Yesterday I’ve spent 5 hours debugging a strange issue when using the Algolia’s Scala client with Playframework during local development. That is, the period where auto-reloading happens when code is changed.
For a long time (~9 months), we’ve experienced a DNS error “flakily”; later, it turned out to be a non-flaky issue. But more on that later.
The error is an injection error. We can’t initialize
AlgoliaClient because we can’t initialize
Caused by: java.lang.NullPointerException at io.netty.resolver.dns.DnsNameResolver.<init>(DnsNameResolver.java:303) at io.netty.resolver.dns.DnsNameResolverBuilder.build(DnsNameResolverBuilder.java:379) at algolia.AlgoliaHttpClient.<init>(AlgoliaHttpClient.scala:56) at algolia.AlgoliaClient.<init>(AlgoliaClient.scala:64) ...
Please note that, for a newer version of Netty, the error will be around
FailedChannel cannot be casted to Channel. But it still occurs at the same place.
Well, ok, it was a network thingy. It could be flaky, so I ignored it for several months.
Yesterday, I’ve found out that this injection error happens almost exactly when Playframework reloaded code around 23 times. It took me a lot of times to test this hypothesis because changing code 23 times was tedious.
I wrote a script that instantiating
AlgoliaClient multiple times, and the exception was always raised at the 26rd
AlgoliaClient. The exception wasn’t exactly helpful though. I did a lot of random things afterward with no progress for another hour.
What helped me progress was that I tried to instantiate the 27st
AlgoliaClient, and there it was. The actual exception showed itself:
Caused by: java.net.SocketException: maximum number of DatagramSockets reached at sun.net.ResourceManager.beforeUdpCreate(ResourceManager.java:72) at java.net.AbstractPlainDatagramSocketImpl.create(AbstractPlainDatagramSocketImpl.java:69) at java.net.TwoStacksPlainDatagramSocketImpl.create(TwoStacksPlainDatagramSocketImpl.java:70)
After googling for ResourceManager, it turned out that the limit to the number of datagram sockets was 25!
I tested this hypothesis by running
sbt Dsun.net.maxDatagramSockets=4 'runMain TheScript', and the script failed after the 4st
Now I know that the instantiated
AlgoliaClient wasn’t cleaned up properly, so I simply needed to close it.
algoliaClient.close() doesn’t close its DNS name resolver. Fortunately, the DNS name resolver is public, and I can close it myself with
Now I knew I needed to clean up
AlgoliaClient before Playframework reloads code. And, fortunately, Playframework offers a stop hook that is invoked before code reloading.
Here are some lessons for me:
- I should have wrote the script much earlier.
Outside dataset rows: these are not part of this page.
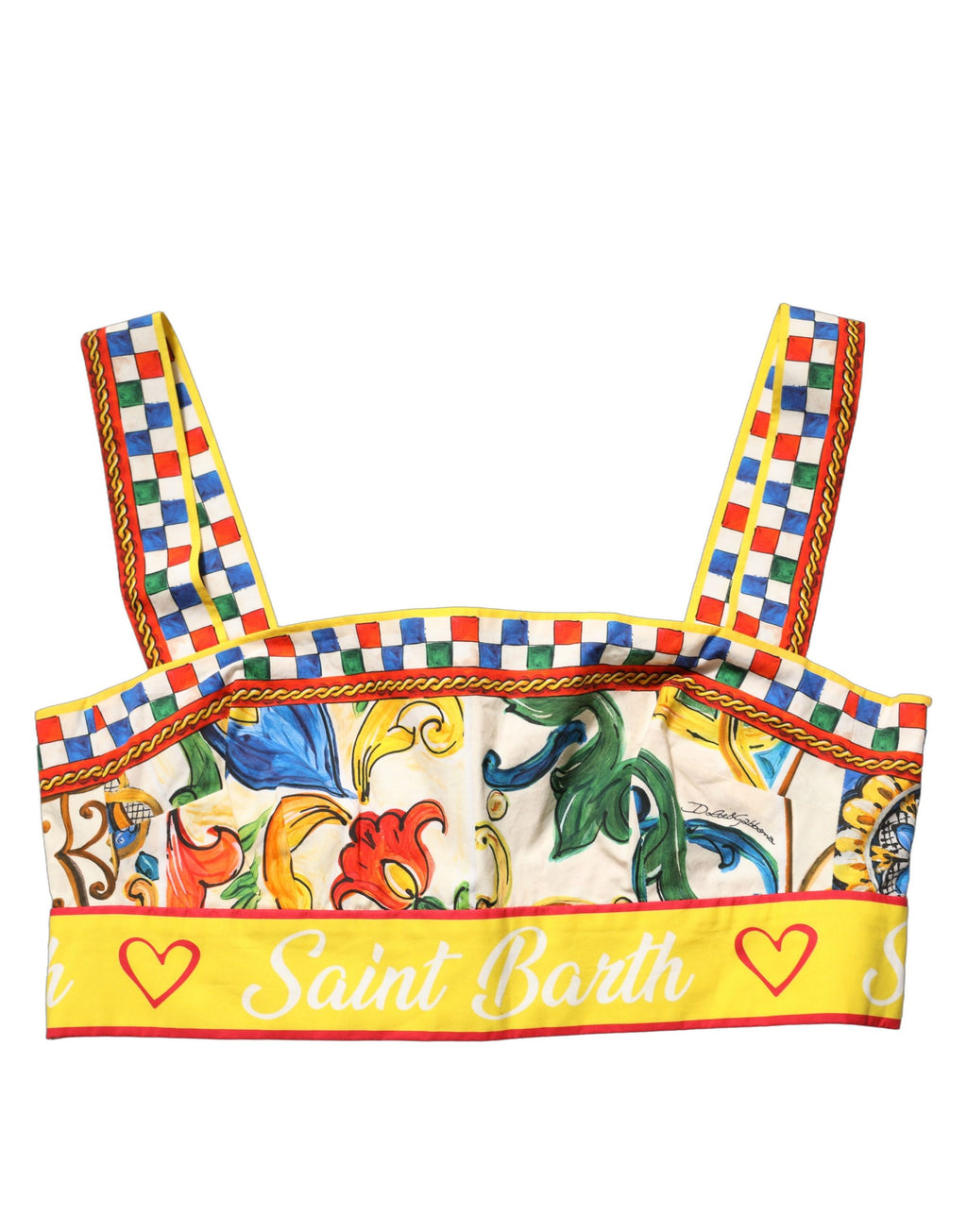 Dolce & Gabbana Multicolor Majolica Print Cotton Crop Top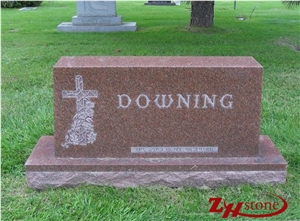 Own Factory Cheap Price Straight Top with Cross Engraving Indian Red Granite Cross Tombstones/ Cemetery Tombstones/ Engraved Tombstones/ Custom Monuments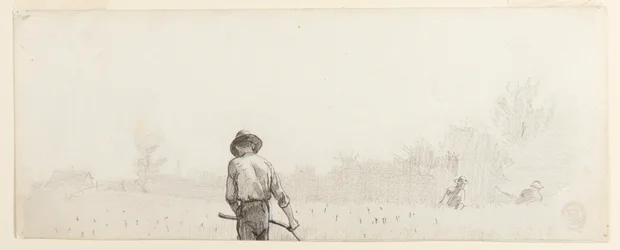 Dibujo, Hombre con guadaña, ca. 1865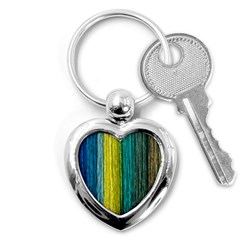 Line Rope Fiber Close Up Multicoloured Background Key Chain (heart) by Wegoenart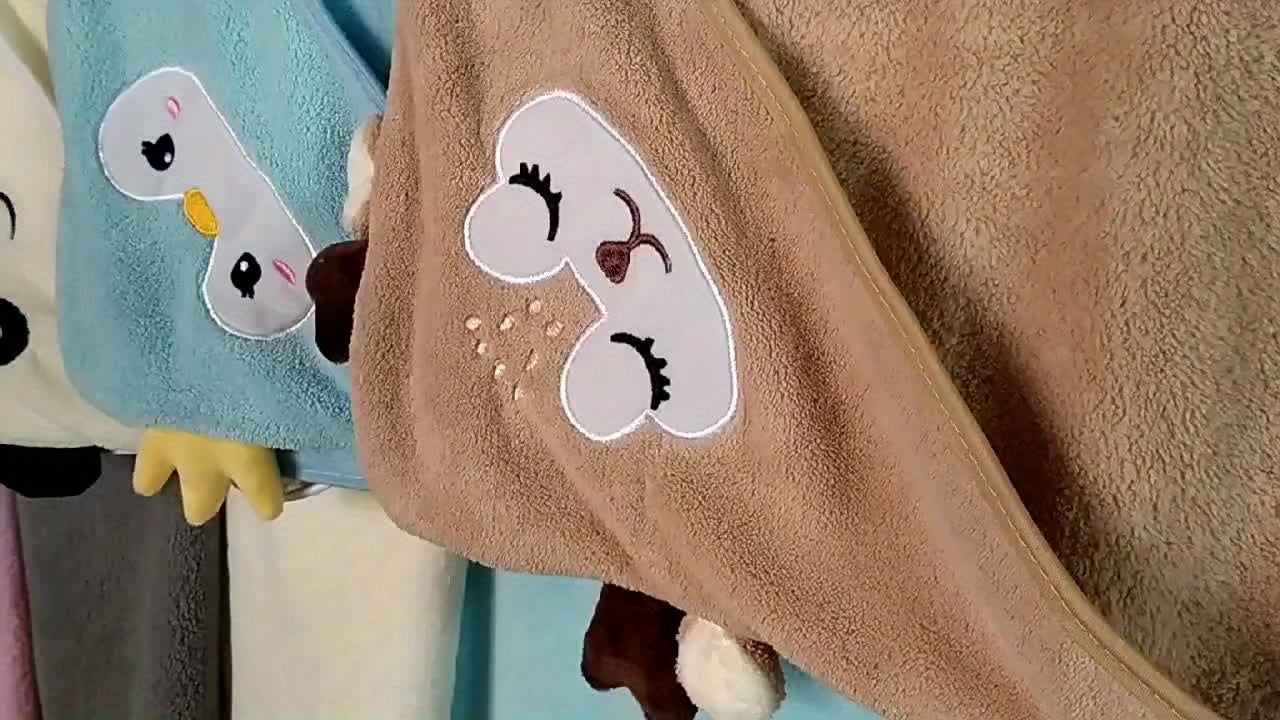 4pcs Soft Towels 4pcs Super Soft Coral Fleece Bath Towels | Blue White Pink Absorbent Hooded Robe Cute Cartoon Towel for Unisex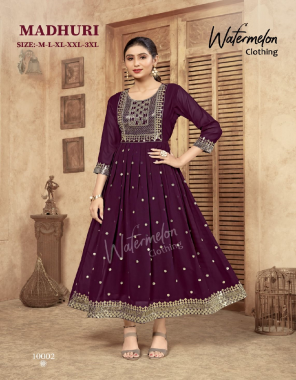 purple faux georgette with cotton lining attached inside i embroidery sequence work i length- 50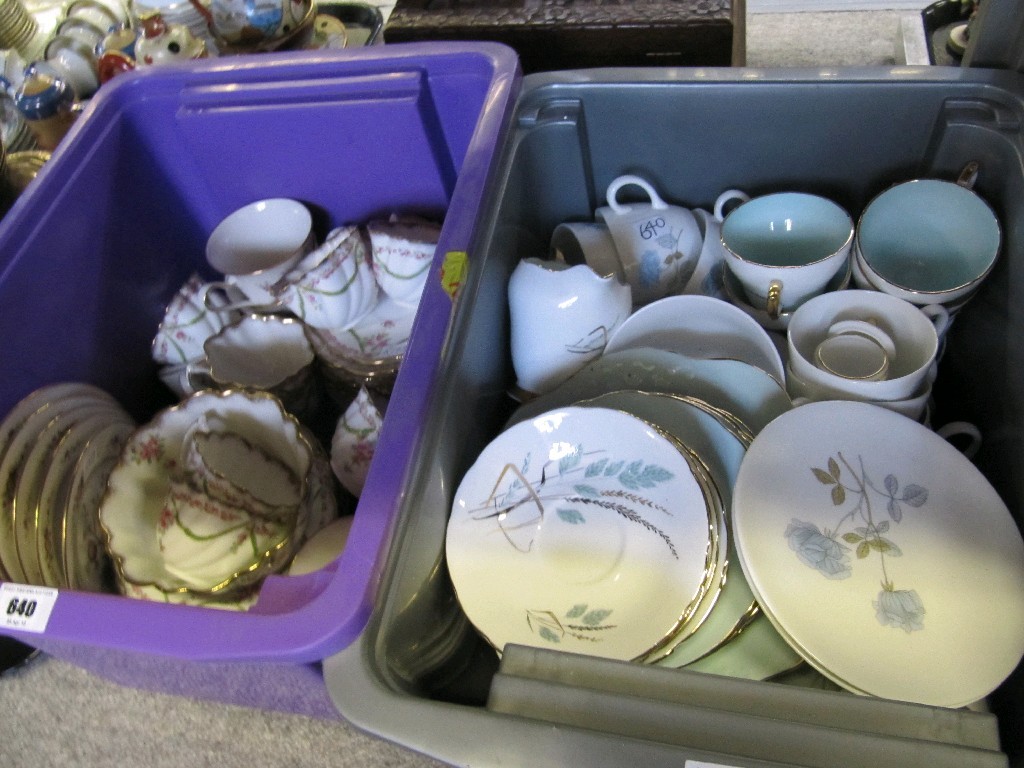 Appraisal: Lot comprising two boxes of teawares - Wedgwood etc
Changing code 25 times was extremely tedious and time-wasting. Reproducing a bug easily would have saved me a lot of time.
- Biased to make class’s members public. It’ll be helpful for future users. Scala gets it right to default everything to public, while Java defaults everything to somewhat private. Making a member private should be a conscious and thoughtful decision. If DNS name resolver wasn’t public, it would be tricky for me to progress.
- I should have not ignored the injection error during local development, no matter how flaky it is.